* WHAT TO WORK ON
Below are entries; repeat exactly, and nothing else, the lines from the one holding "Ishan Log Huts-A boutique home stay" through the one holding "Designer dames emmer", inclusive. Leave the pictures out.

* RECORDS SUPPLIED
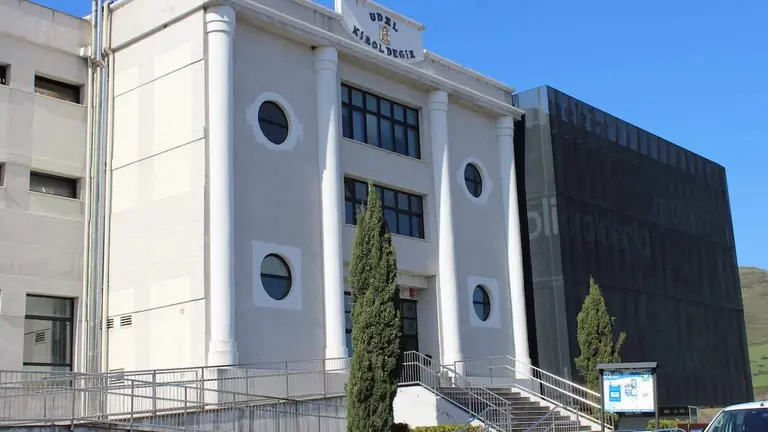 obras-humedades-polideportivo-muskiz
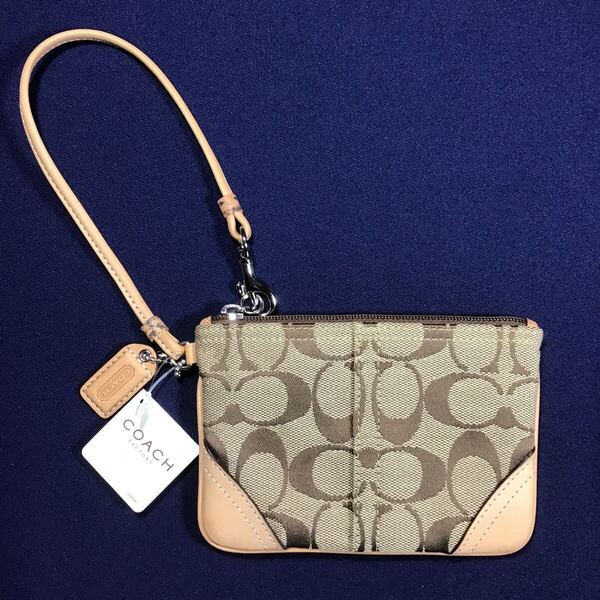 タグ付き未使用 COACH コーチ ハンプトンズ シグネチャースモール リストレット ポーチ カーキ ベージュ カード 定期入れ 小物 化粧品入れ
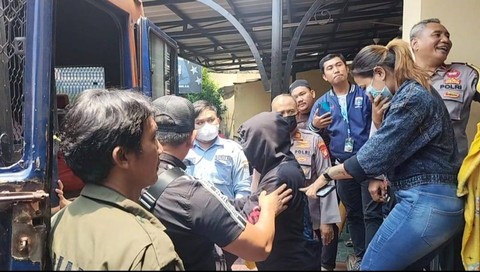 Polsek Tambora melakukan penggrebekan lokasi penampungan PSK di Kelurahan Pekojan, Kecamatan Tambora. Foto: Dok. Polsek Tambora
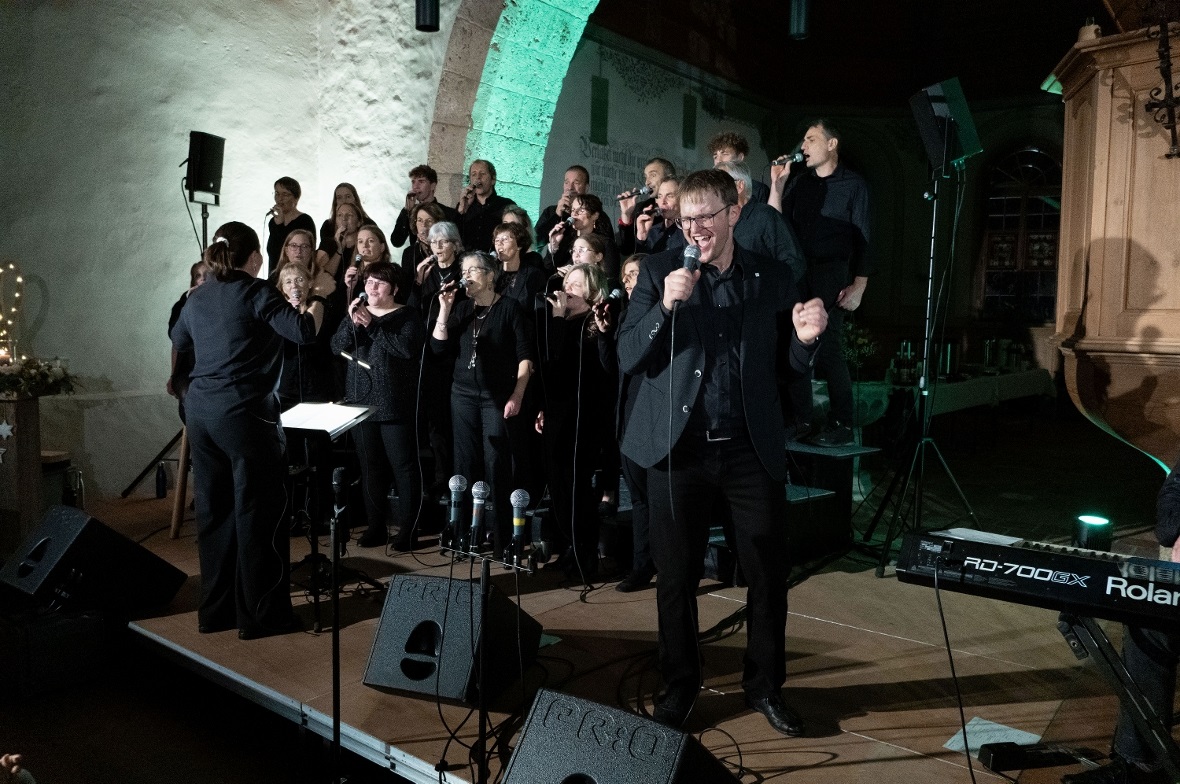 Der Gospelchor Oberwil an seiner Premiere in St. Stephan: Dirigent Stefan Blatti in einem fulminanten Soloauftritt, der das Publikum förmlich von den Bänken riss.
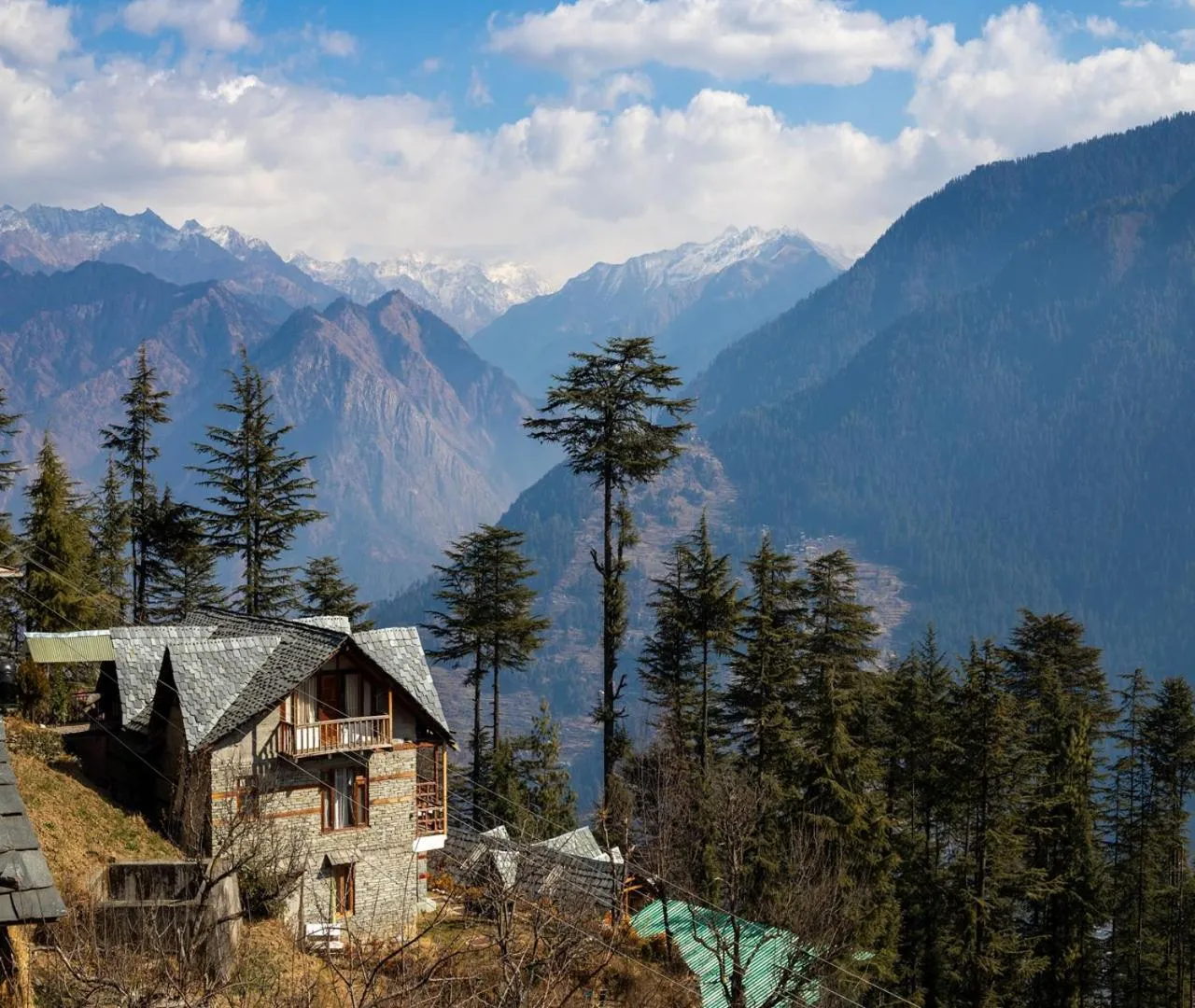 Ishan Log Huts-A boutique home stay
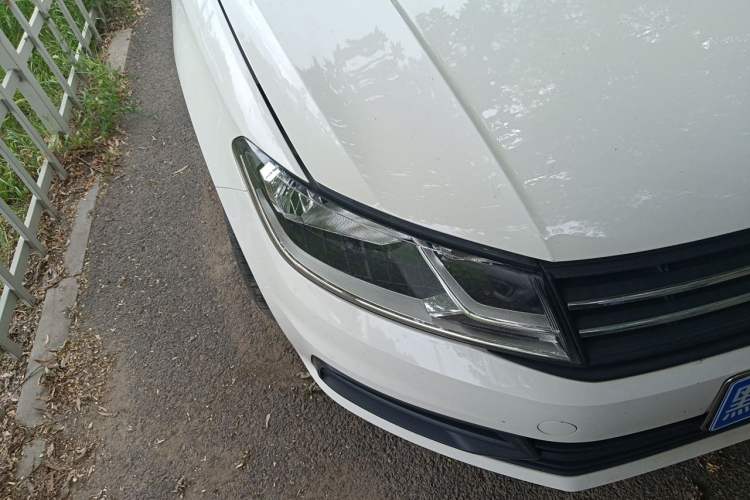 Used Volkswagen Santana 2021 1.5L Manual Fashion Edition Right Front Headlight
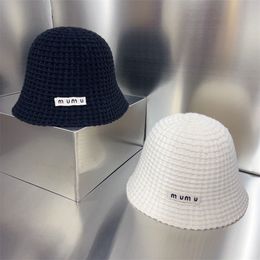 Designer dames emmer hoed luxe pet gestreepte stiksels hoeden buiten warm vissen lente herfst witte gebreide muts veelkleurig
--
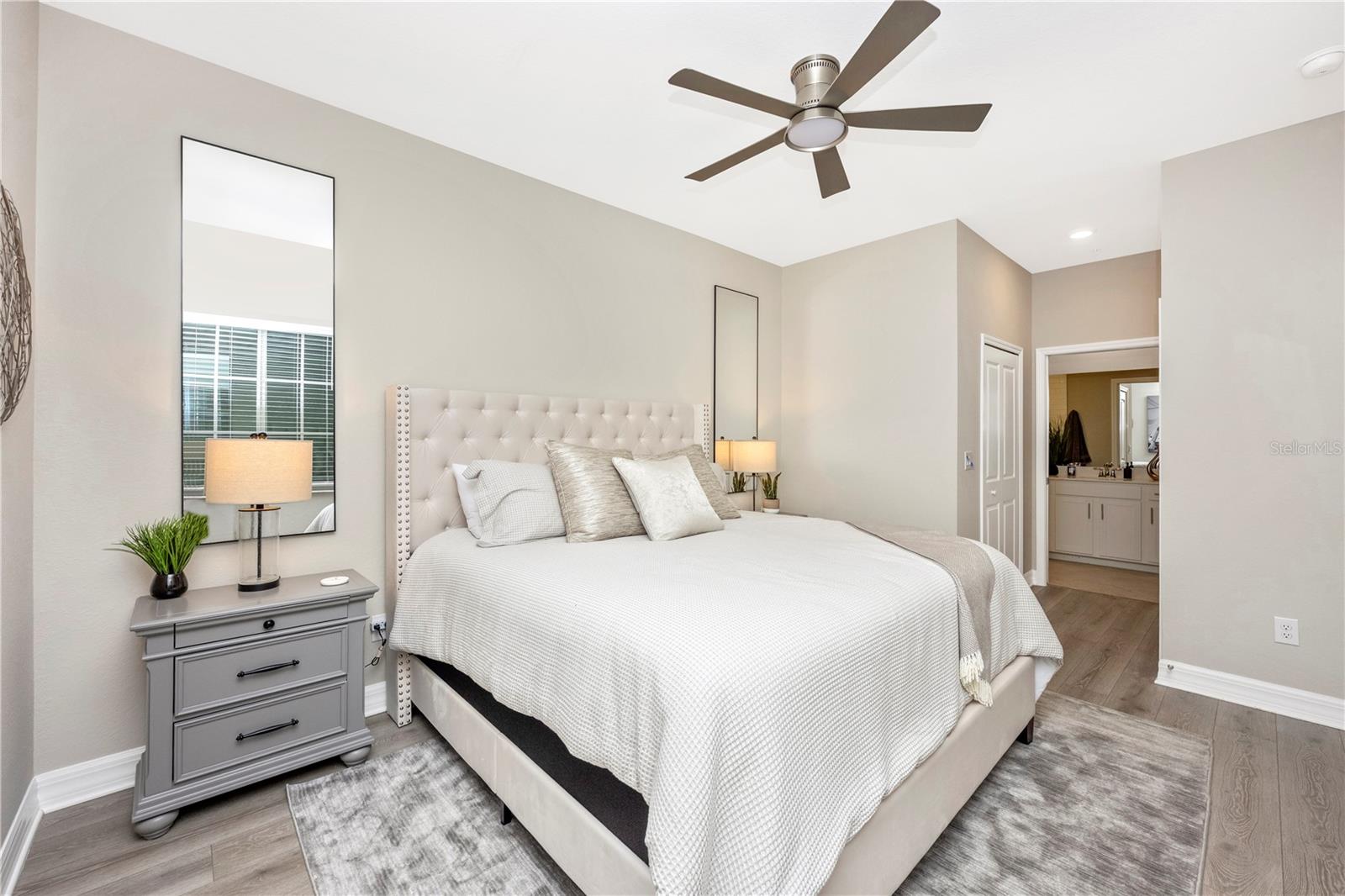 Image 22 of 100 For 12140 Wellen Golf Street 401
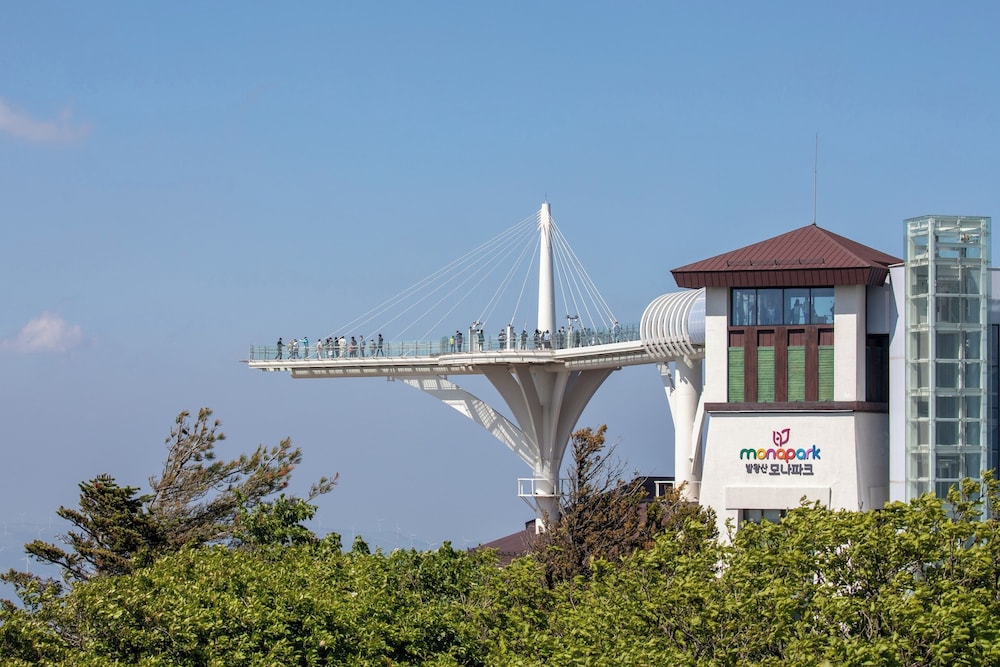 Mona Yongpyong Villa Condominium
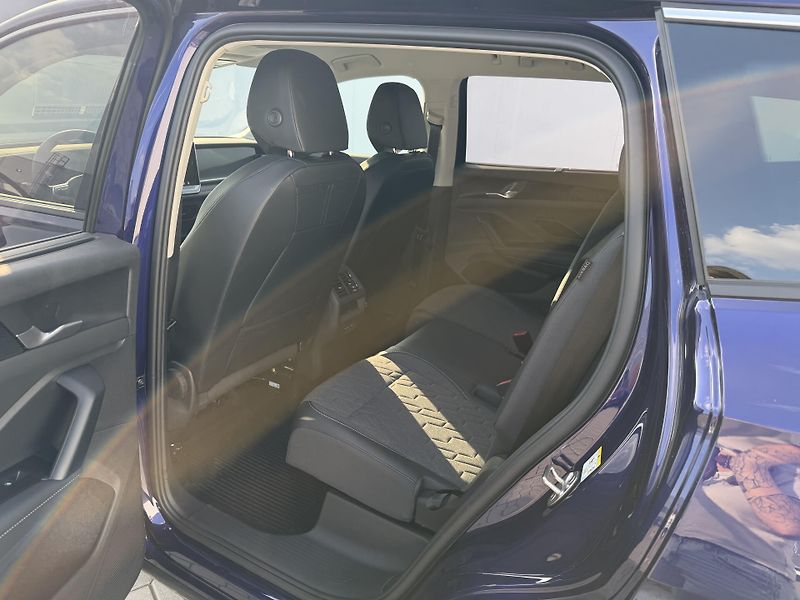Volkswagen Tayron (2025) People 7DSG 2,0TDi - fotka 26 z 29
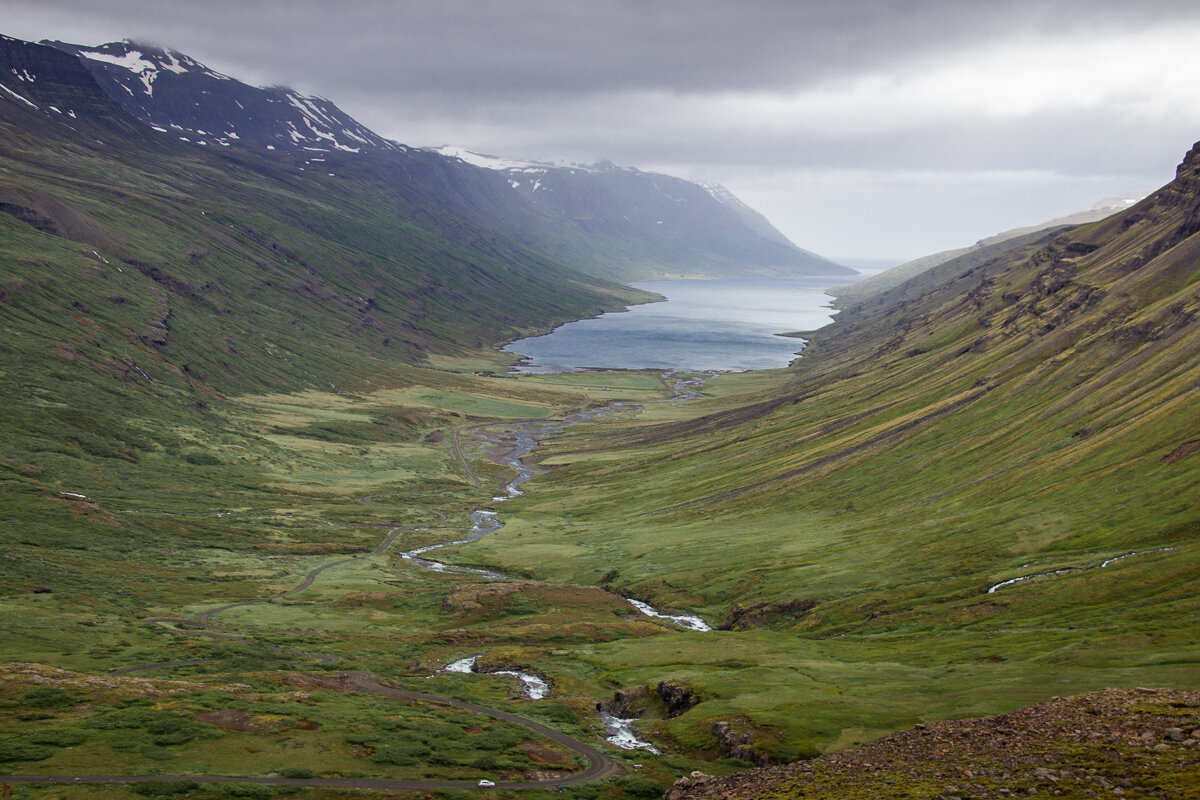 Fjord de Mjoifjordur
==
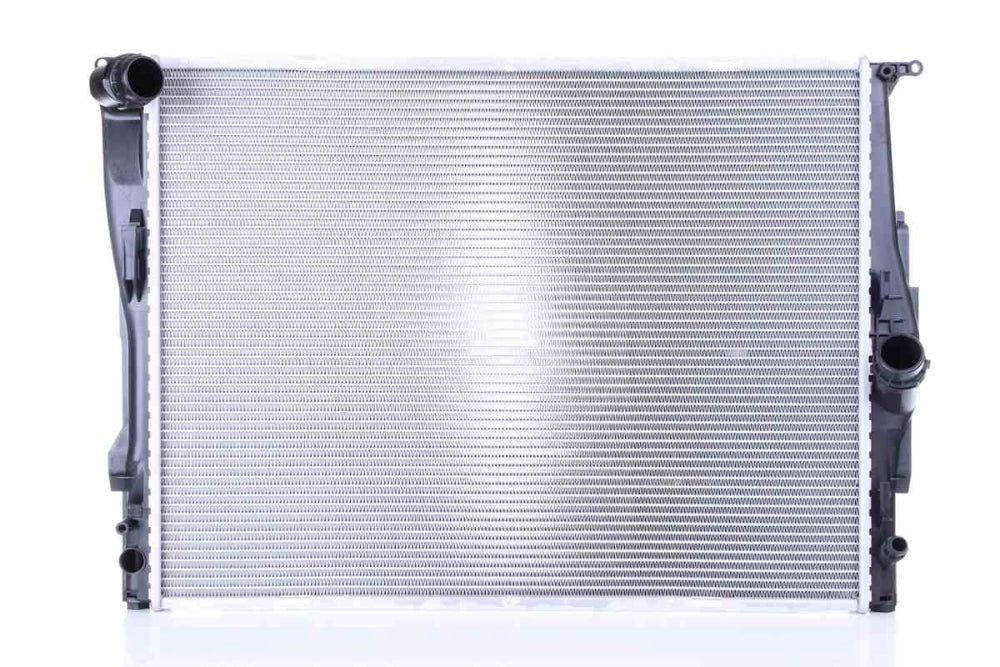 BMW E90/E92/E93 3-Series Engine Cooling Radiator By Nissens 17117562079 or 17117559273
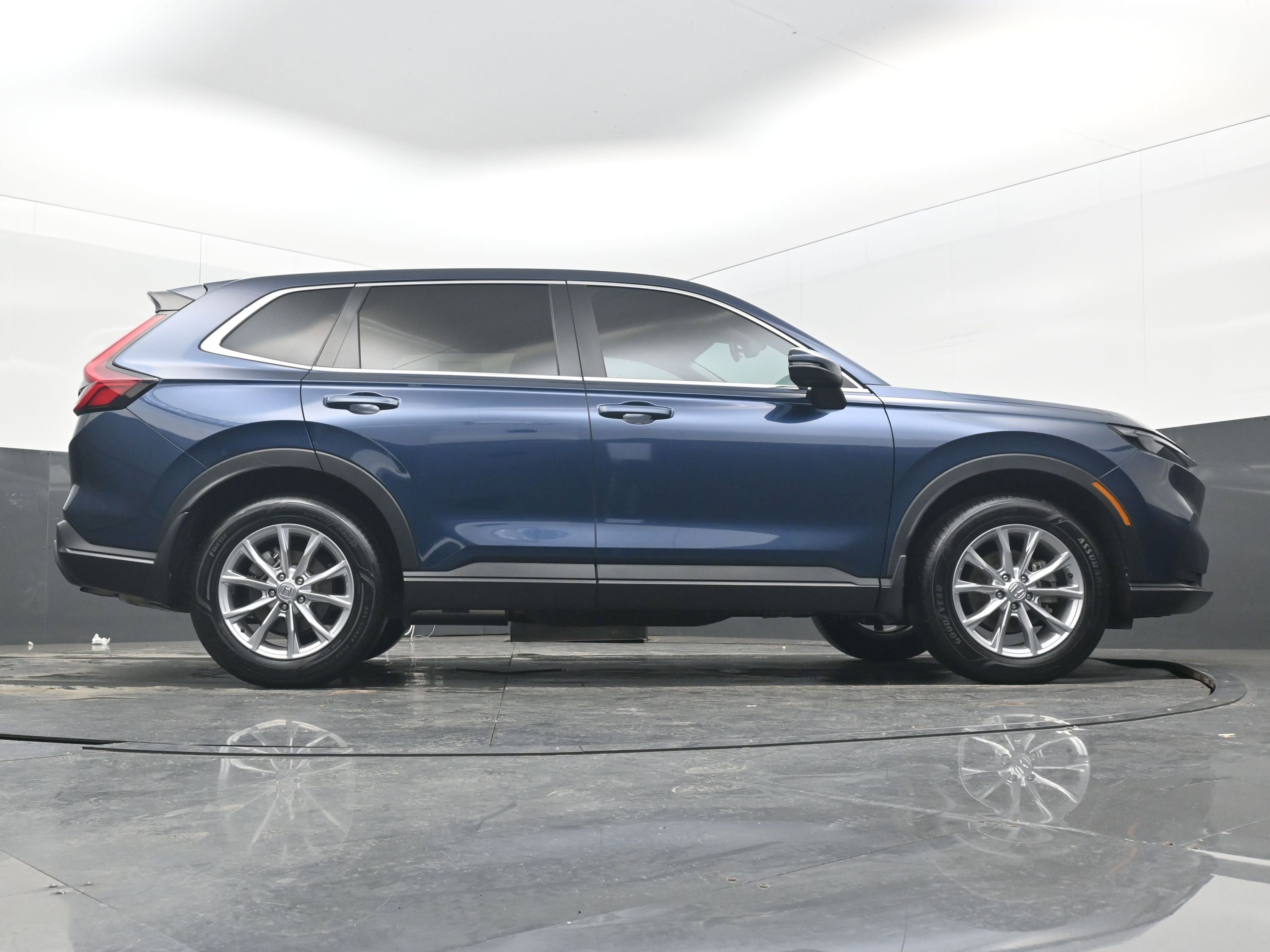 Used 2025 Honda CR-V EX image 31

* OUTPUT OF THE TASK
 Ishan Log Huts-A boutique home stay
 Used Volkswagen Santana 2021 1.5L Manual Fashion Edition Right Front Headlight
 Designer dames emmer hoed luxe pet gestreepte stiksels hoeden buiten warm vissen lente herfst witte gebreide muts veelkleurig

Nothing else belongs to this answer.